LONDON.- Peter Doig’s Daytime Astronomy (Grasshopper) will make its auction debut at Sotheby’s Evening Sale of Contemporary Art in London on 26 June 2018. Estimated at £6-8 million ($8.1-10.7 million USD), the painting is a spectacular distillation of all the elements that have made Doig one of the most celebrated and successful painters of his generation.

Oliver Barker, Chairman of Sotheby’s Europe, said: “Peter Doig is a master image maker. In Daytime Astronomy (Grasshopper), one of the artist’s most important paintings, Doig pays homage to his Abstract Expressionist forebears, most notably Jackson Pollock who is subtly incorporated into the horizontal layers of the picture, shown lying in the grass outside his Long Island Studio. The ever growing enthusiasm of collectors for Peter Doig at auction has cemented his reputation as one of the most important contemporary artists working today.”
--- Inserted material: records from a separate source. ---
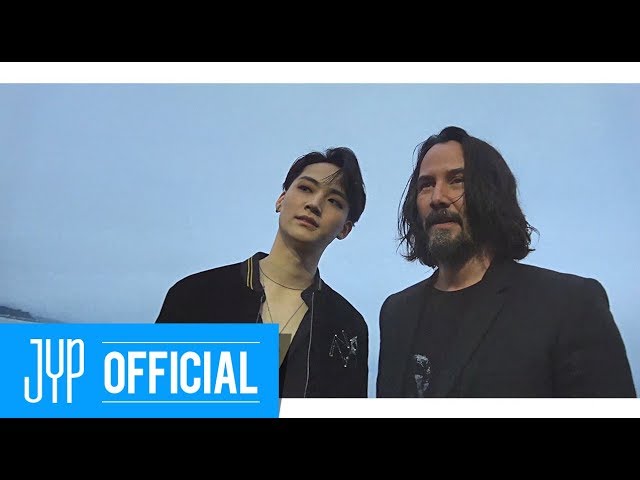 GOT7 JB ラントレ GOT7 JB X SAINT LAURENT 2020 S/S COLLECTION - YouTube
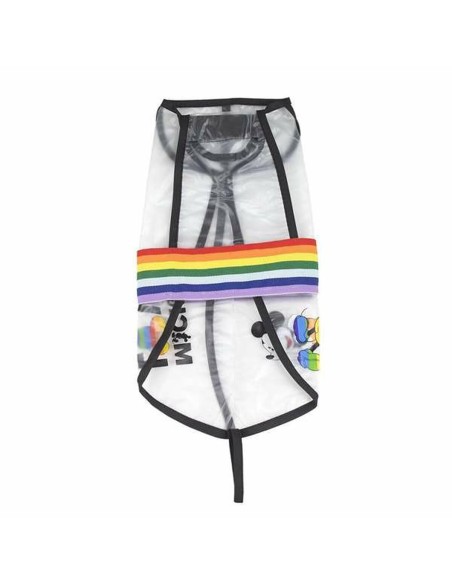 Imperméable pour Chien Disney Transparent M Mickey Mouse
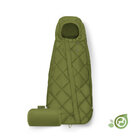 CYBEX Fusak do autosedačky Snogga Mini Nature Green Gold CYBEX Fusak do autosedačky Snogga Mini Nature Green Gold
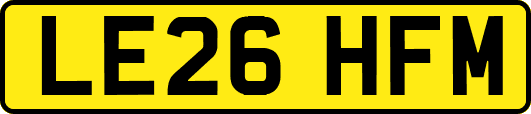 LE26HFM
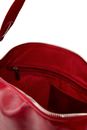 Desigual Half Logo Leiria Shoulder Bag Carmine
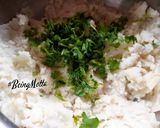 A picture of step 7 of Cheese Kofta Curry.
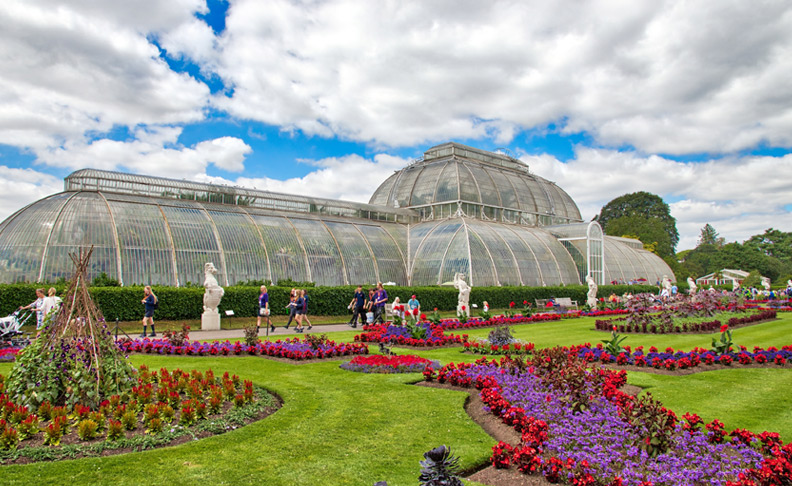 Royal Botanic Gardens, Kew image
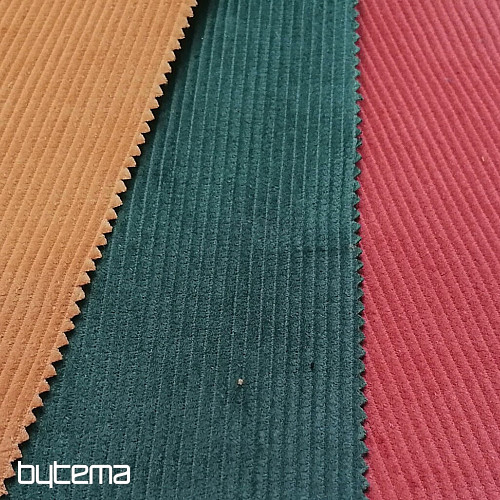 Tkanina bawełniana Sztruks - tymianek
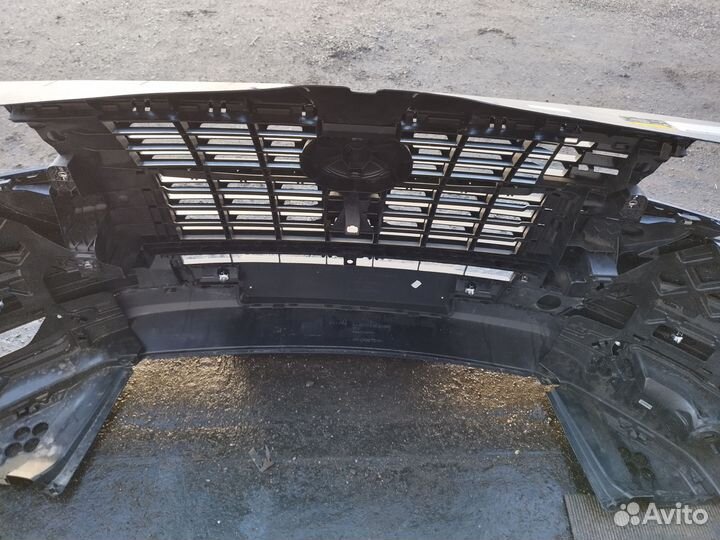 Бампер передний Volkswagen T6 рестайлинг T6.1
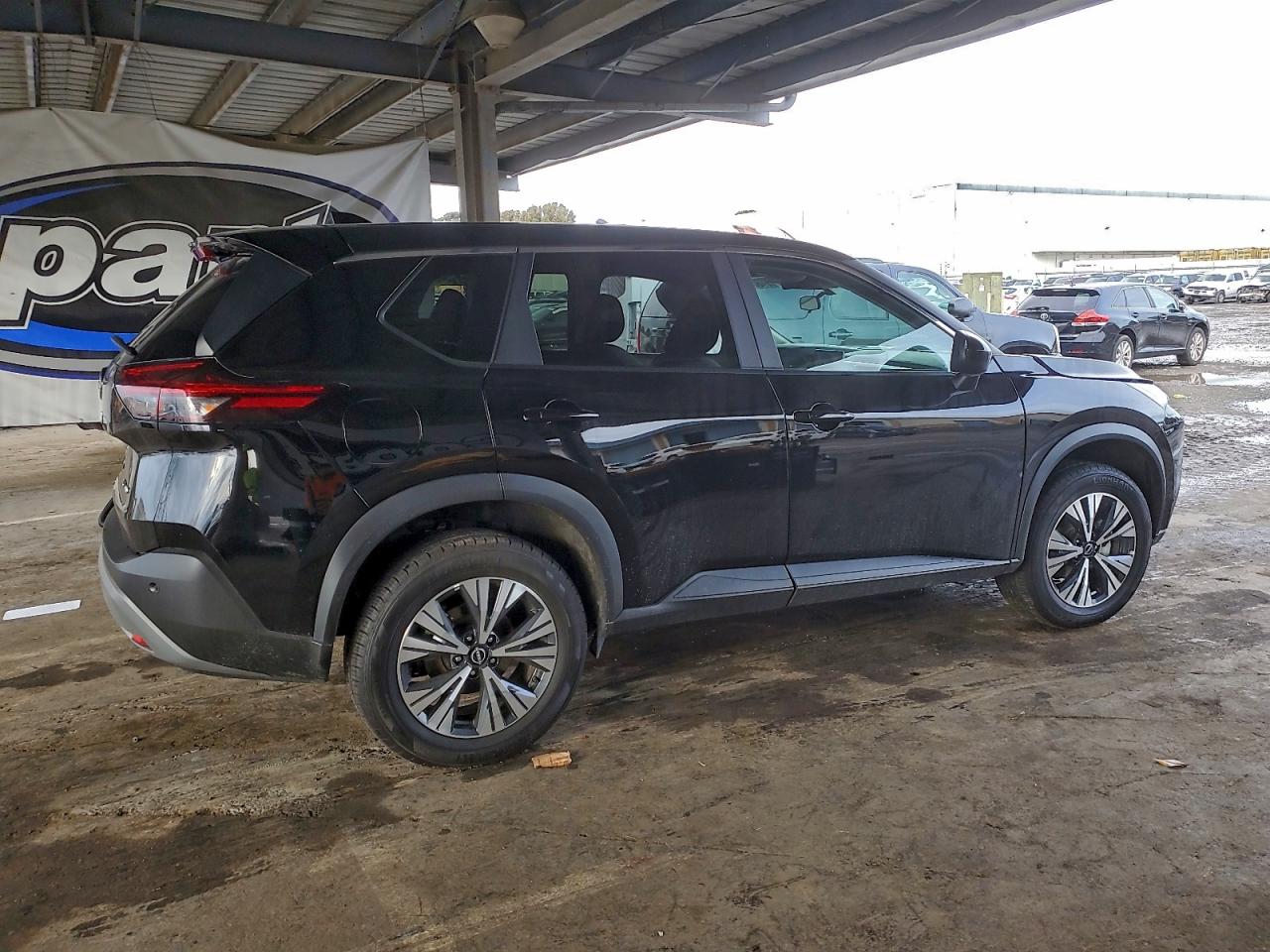2023 NISSAN ROGUE SV photo 7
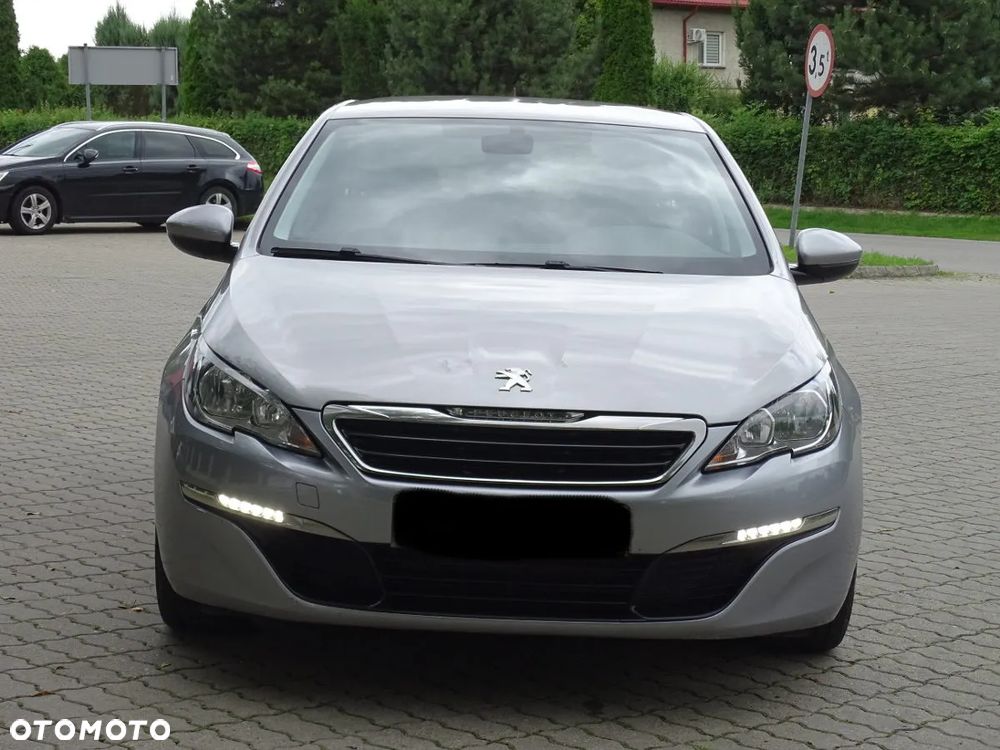 Peugeot 308 1.6 BlueHDi Active S&S - 2
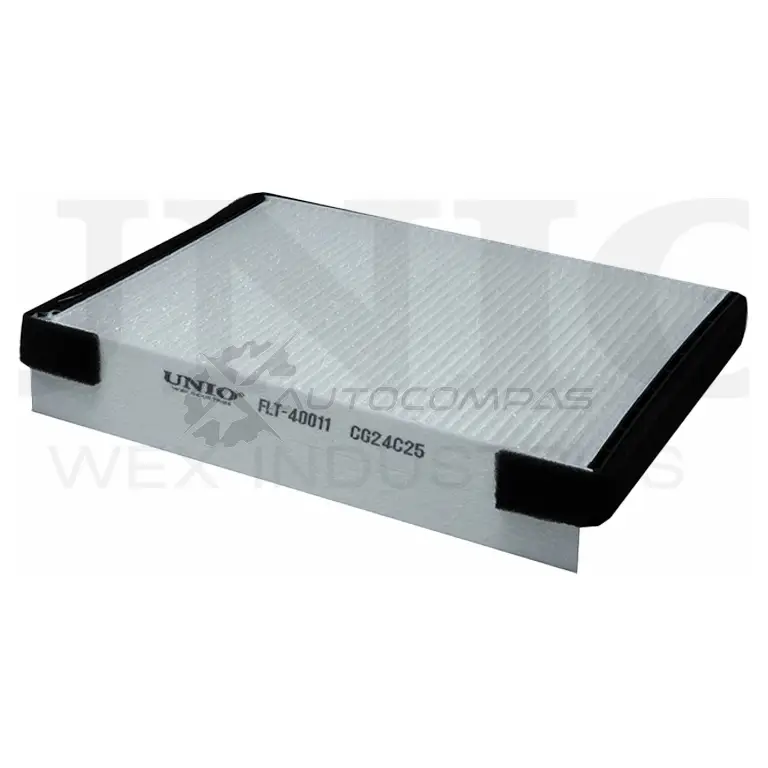 Фильтр салонный UNIO FLT-40011 P QQJWJ1 1441319709 изображение 1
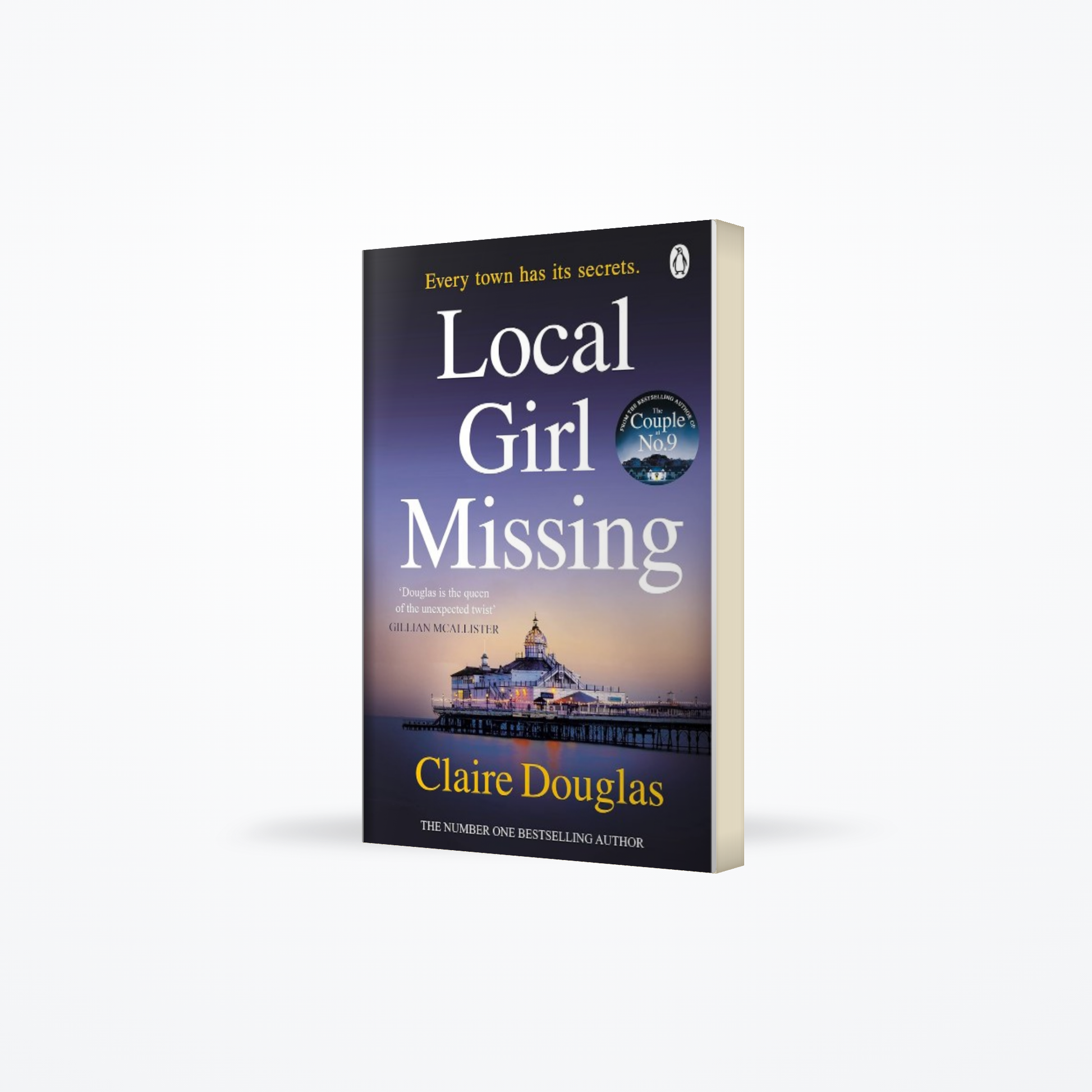 Local Girl Missing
A work that that has been in the same collection since its completion in 1999, Daytime Astronomy (Grasshopper) shares its subject with a larger painting by Doig, Daytime Astronomy (1997-98), which has been included in Doig’s most celebrated solo-shows.

Like many of the most acclaimed works by Doig, the dreamlike Daytime Astronomy (Grasshopper) is inspired by a wide array of sources and features numerous art historical references. The principal point of departure for the painting is a photograph taken by Hans Namuth of Abstract Expressionist Jackson Pollock lying in the grass outside his East Hampton studio. While the figure of Pollock himself is only subtly included in Doig’s canvas, the wider influence of the Abstract Expressionist movement on this picture is palpable. Daytime Astronomy (Grasshopper) includes echoes of Pollock’s own layered abstract compositions, while the influence of Mark Rothko can be detected in the segmented layering of the picture plane, as well as by the colour variation of the canvas; opaque greens and browns feature heavily on the bottom of the work, segueing to delicate coloured washes in the upper layers. Doig also riffs on Barnett Newman’s iconic ‘zip’ paintings, turning the artist’s ubiquitous vertical shafts horizontally, and dividing the painting into three clearly defined sections.

The reference to ‘grasshopper’ in the title is related to the subtle pose of the figure with their knees bent and sticking out of the grass, however is also related to a quotation Doig found in a book that cited the words of a 19th Century settler in Canada’s western prairies: “Man is a grasshopper here, a mere insect making way between the enormous discs of heaven and earth.” This quote echoes the tripartite arrangement of many of Doig’s compositions, including the present work and others such as The House That Jacques Built (1992) in the collection of the Tel Aviv Museum of Art.

The auction debut of Doig’s Daytime Astronomy (Grasshopper) follows the successful sale of Doig’s landmark painting The Architect’s Home in the Ravine (1991) which sold for £14.4 million ($19.9 million USD) in our March 2018 Contemporary art evening sale in London. Four of the five highest prices for the artist at auction have been set in the past 12 months.